Finding What Remains When Everything Dissolves
A version of you that was never built.
One morning I was walking through the fields near home, along a path that runs beside a pond. It was quiet. And at some point a butterfly appeared ahead of me — beautiful, with more colors than you might expect on an ordinary morning — moving freely above the grass, unhurried, with no particular destination. I stopped and watched it for a while. Just watched and enjoyed it.
And as I stood there, a metaphor came to mind. I found myself thinking about what that creature had been before it was that. About what the whole movement from one form to the other actually required of it. And somewhere in that quiet, standing next to the water, a question rose in me that has not fully left since.
There was a period before that morning, years before it, after I left dentistry, when I had more time than I knew what to do with. The practice had been successful, and then it was simply gone. The business consulting that followed was working in the technical sense — clients were coming, the work was getting done — but something about it never quite settled. I had met most of the goals I had set for myself over the years. From the outside it looked like arrival.
And yet something deeper sat untouched. A quiet ache I kept moving past, filling each gap with the next thing before it had time to speak.
I am not sure I would have named it as longing then. But that is probably what it was.
Some years later I spent a week on a retreat with Dr. Joe Dispenza. I went with the usual mixture of skepticism and quiet hope that most people bring to something like that — a person who had read enough to be suspicious of easy answers but was also, if I am being honest, tired of the noise that passed for resolution. What happened that week was not what I anticipated. By the time I left, something had genuinely shifted — not in the way a good conference shifts you, where the energy carries for a few days and then dissipates, but in a way that redirected the course of my life in the months and years that followed. The work I do now, the questions I ask, the way I understand what people are actually looking for when they say they want something more — all of it changed direction in that week. What I found there was not a new idea so much as a recognition of something I had apparently carried for a long time and kept walking past without stopping.
The butterfly does not become something it was not. I had heard this metaphor before. But as I stood there watching, I found myself wanting to understand the actual process, not just the idea of it. So I went and researched it. What I found was more remarkable than the metaphor I already knew.
The caterpillar does not study to become a butterfly. It does not strive toward flight or rehearse it or earn it. The blueprint was already inscribed, present long before the crawling started. What surfaces from the chrysalis was always already in the caterpillar. The metamorphosis surfaces it rather than creates it.
I find it interesting how long a true idea can live in the mind without actually touching anything.
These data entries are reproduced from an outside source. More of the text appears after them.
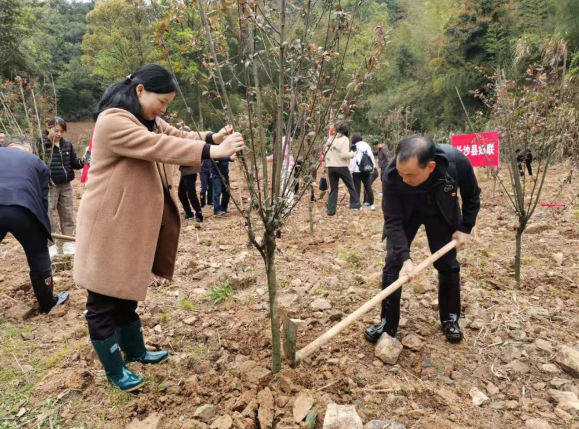 微信截图_20210323164726.png
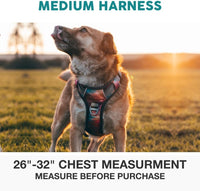 Embark No Pull Dog Harness, Reflective Adjustable Training Vest - M / Aurora - image 3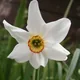 Daffodil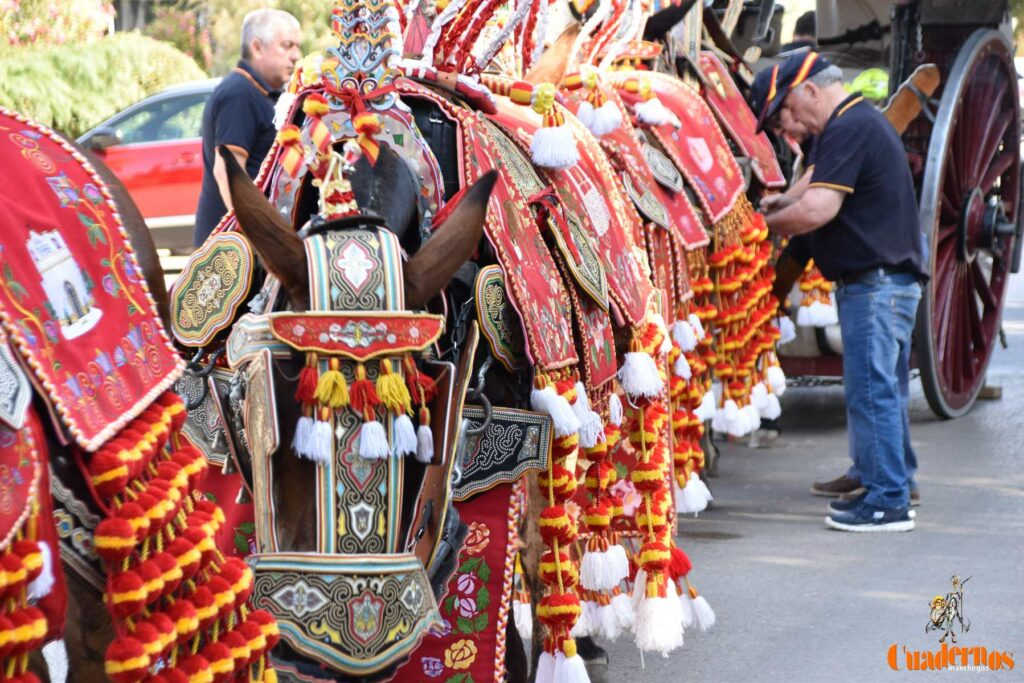 Tomelloso celebra el Día de Castilla-La Mancha con sus reatas: tradición, orgullo y raíces en la calle 10 procesion carreros tomelloso dia clm 25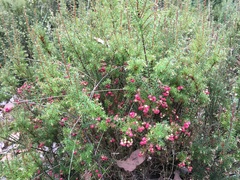 Leptecophylla pogonocalyx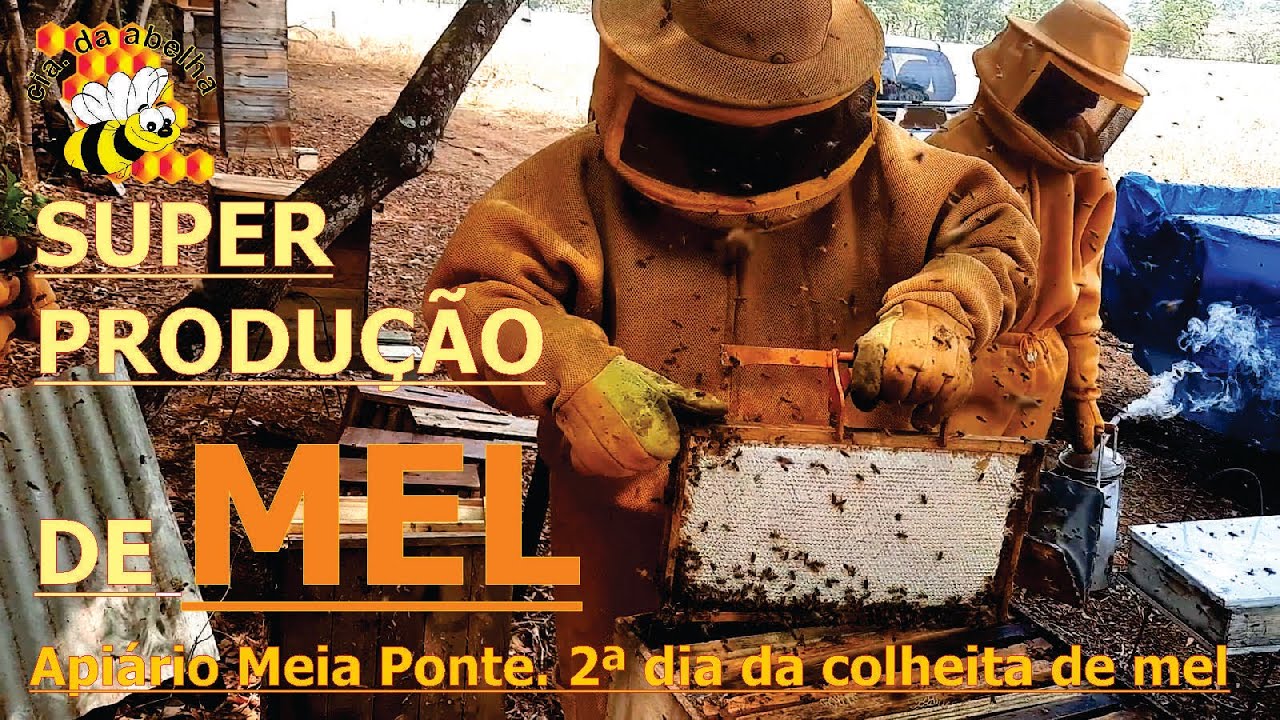 SUPER PRODUÇÃO DE MEL DO APIÁRIO MEIA PONTE. 2º DIA DA COLHEITA DE MEL CIA DA ABELHA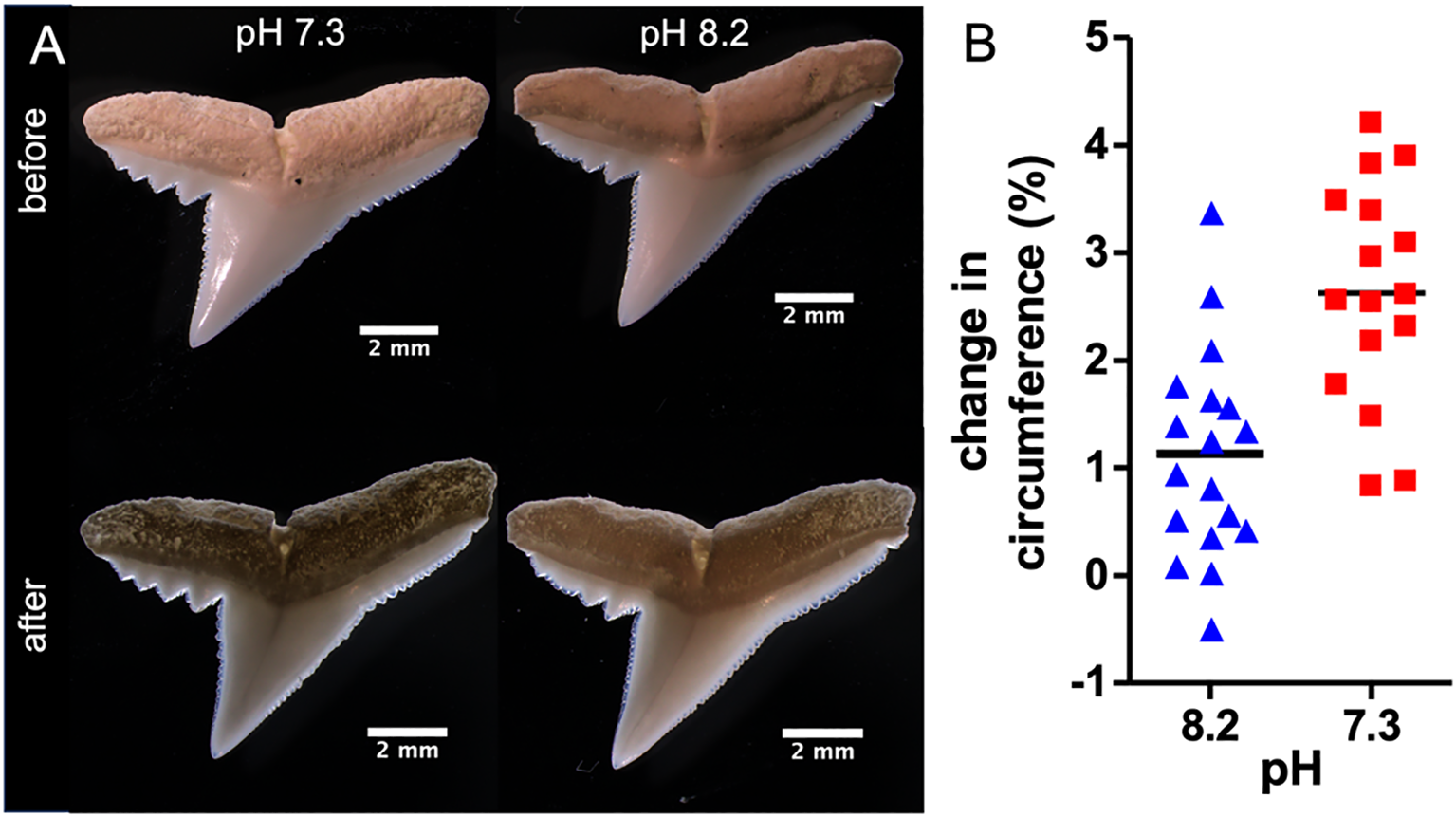 Panel A shows four shark teeth images before and after exposure to pH levels 7.3 and 8.2. Teeth exposed to pH 7.3 appear more eroded than those at pH 8.2. Panel B is a scatter plot showing the change in circumference percentage for both pH levels, with pH 7.3 having a higher range of values depicted by red squares, compared to pH 8.2 shown by blue triangles.
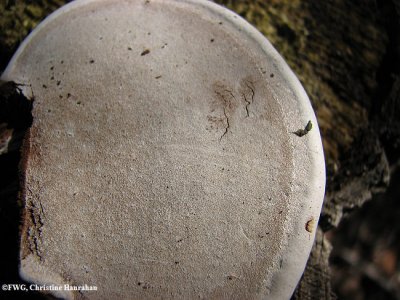 Artist's conk  (Ganoderma applanatum)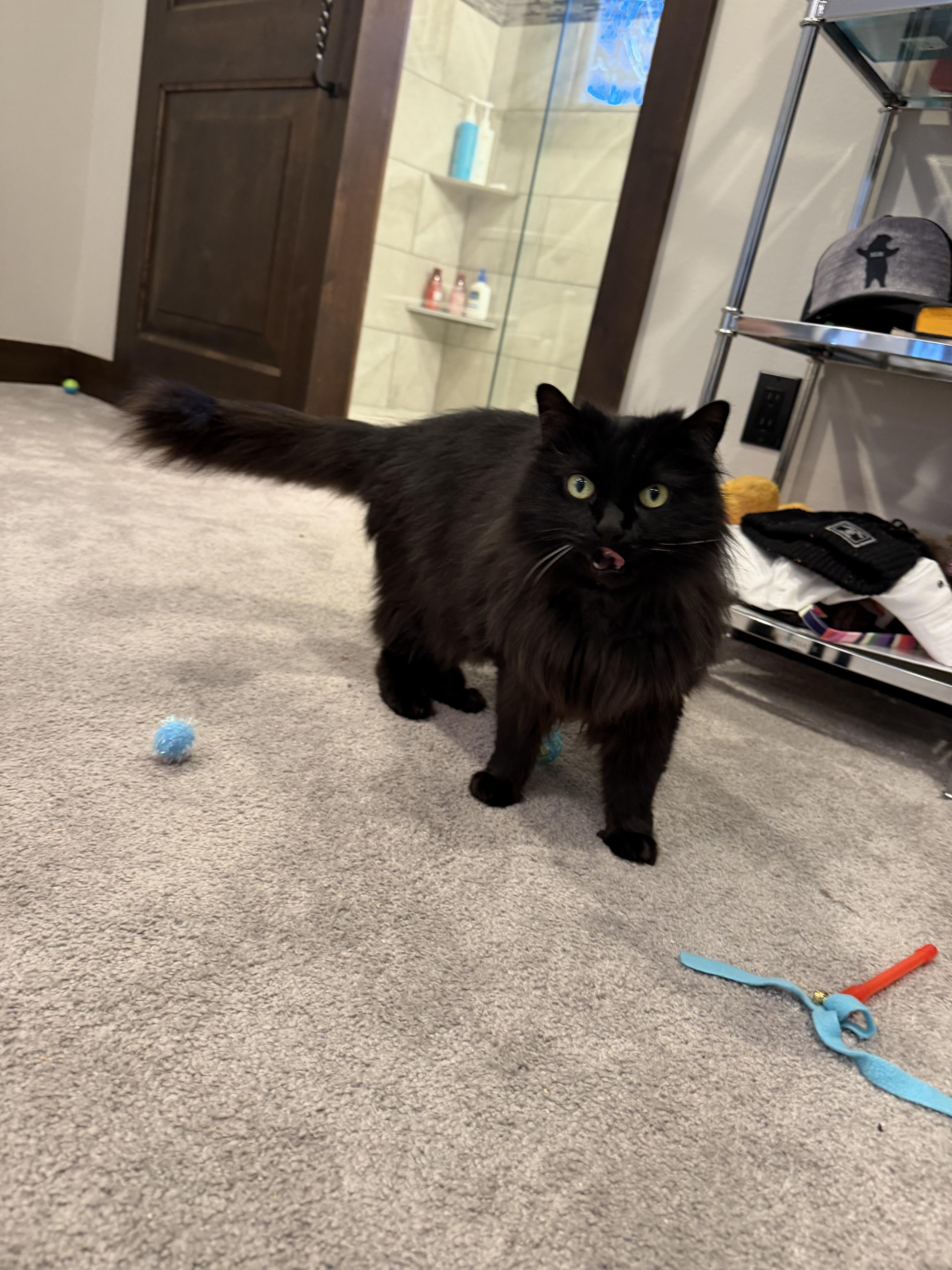 Enlarge Lucy, an adopted Domestic Long Hair in Roslyn, WA image 4/4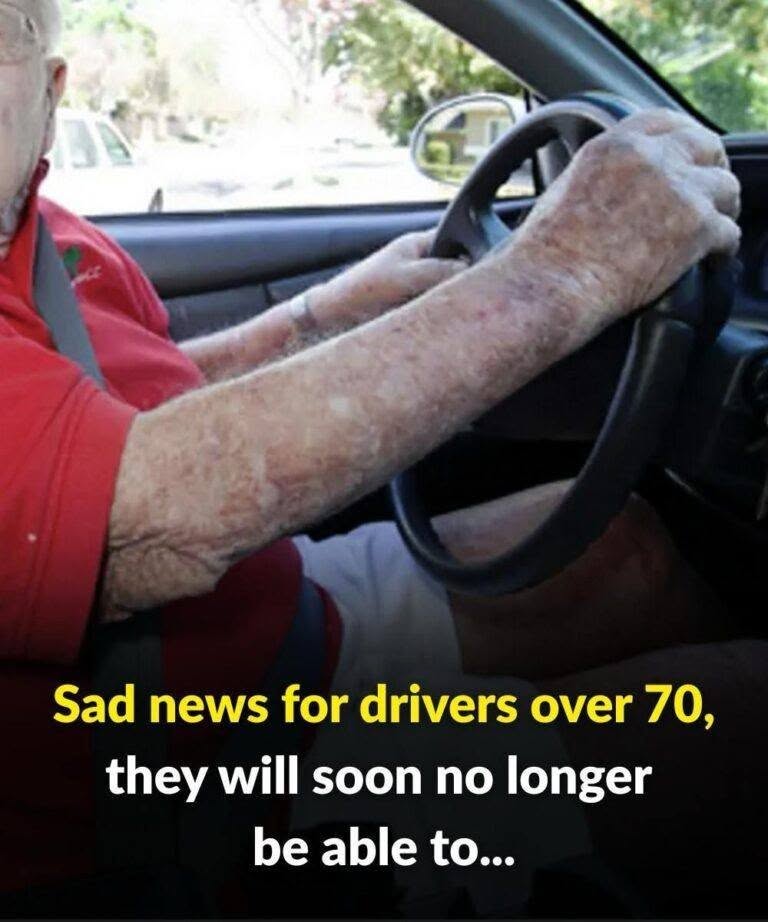Senior drivers over 70 preparing their vehicle for safe driving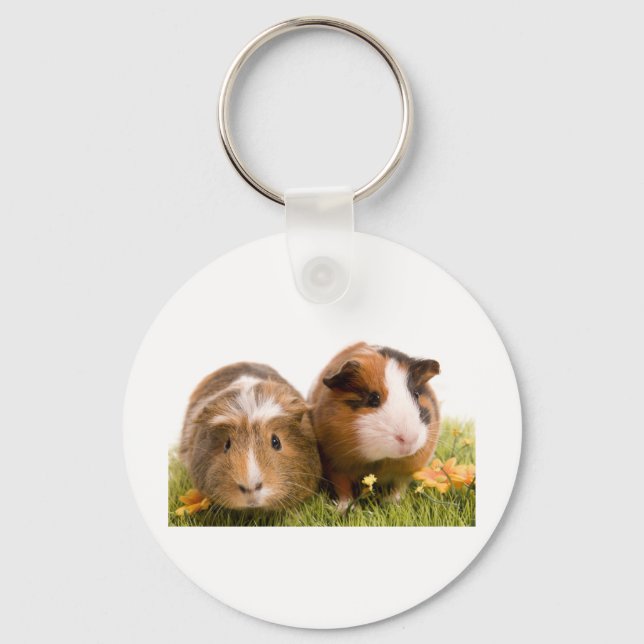 guinea pigs on a lawn keychain (Front)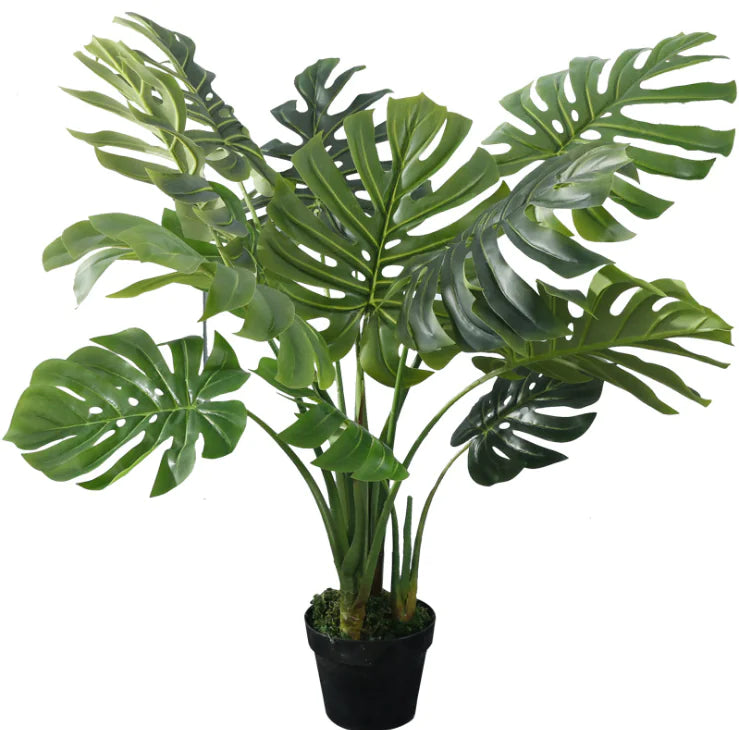 Exotic Monstera Leaf Photo Props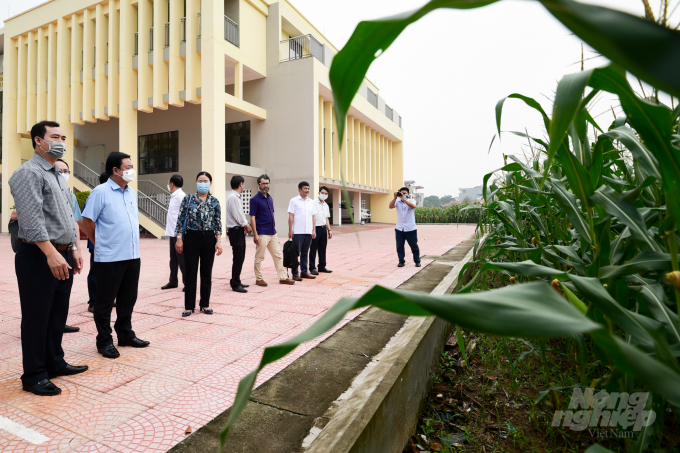 Bộ trưởng Lê Minh Hoan (thứ 2 từ trái qua) thăm các khu vực trồng ngô thực nghiệm của Viện Nghiên cứu Ngô. Ảnh: Tùng Đinh.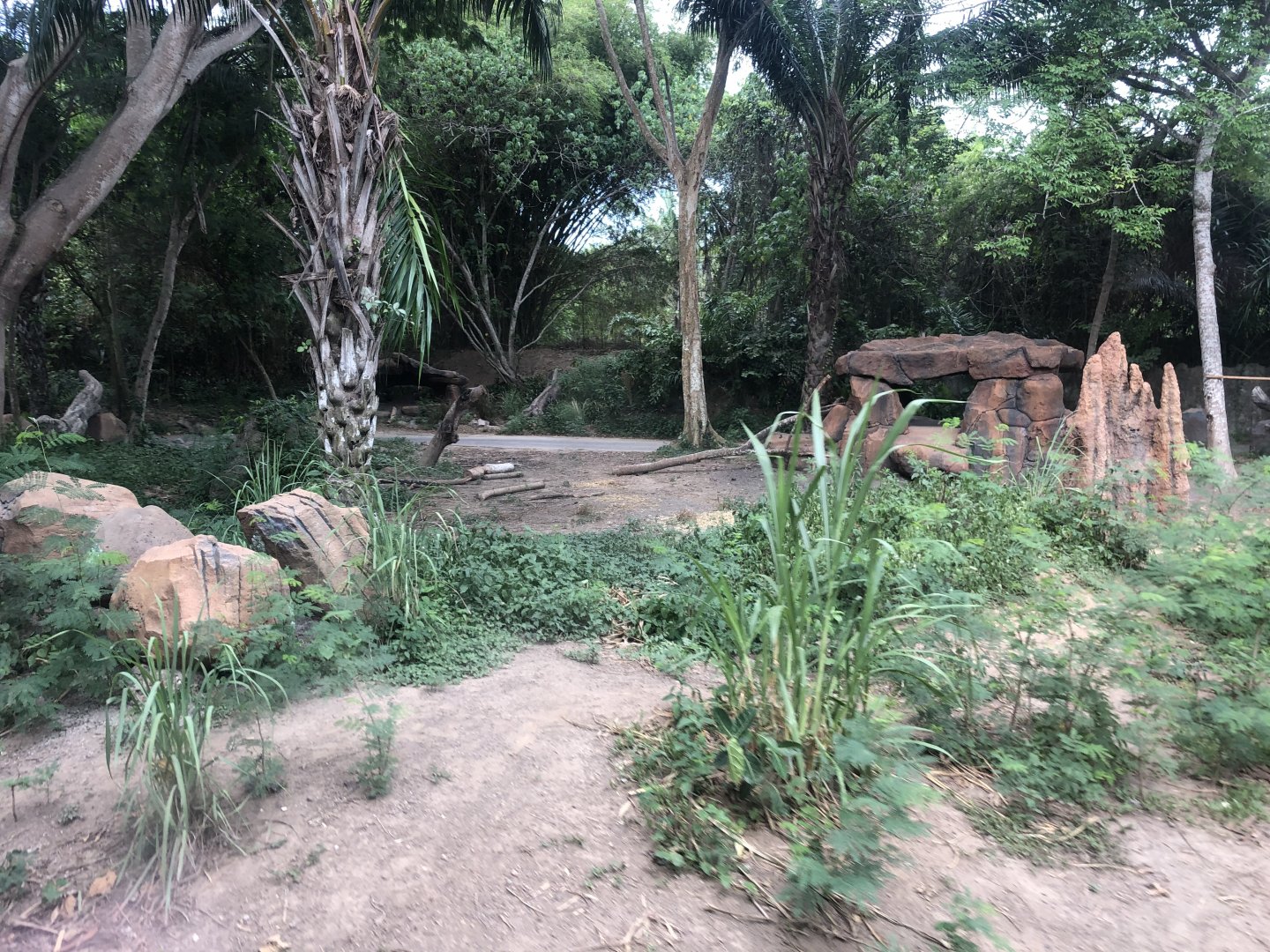 Striped Hyena Exhibit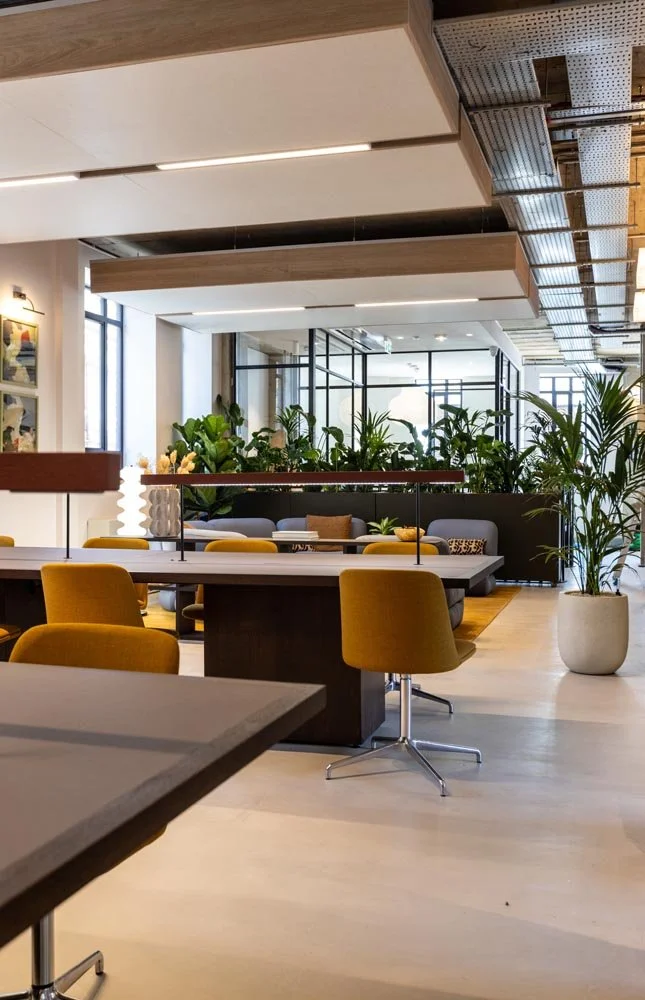 Creative-Offices-St-AlbansQueens House-107.jpg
What we are returning to is harder to name cleanly, and I want to be careful here. I am not a theologian. Different traditions have pointed toward it in different ways: the idea of a divine spark that predates the life we have constructed around it; the recognition of oneself as a child of God; the Buddhist sense of original nature, present before the conditioning layered itself on top. These are not identical things, and the distinctions between them matter. What they seem to share is the conviction that the deepest layer of who you are was not built. It was not earned through performance or assembled through achievement. It was there before the roles started accumulating.
The question worth sitting with is not what you are becoming. It is what you have always been beneath the noise.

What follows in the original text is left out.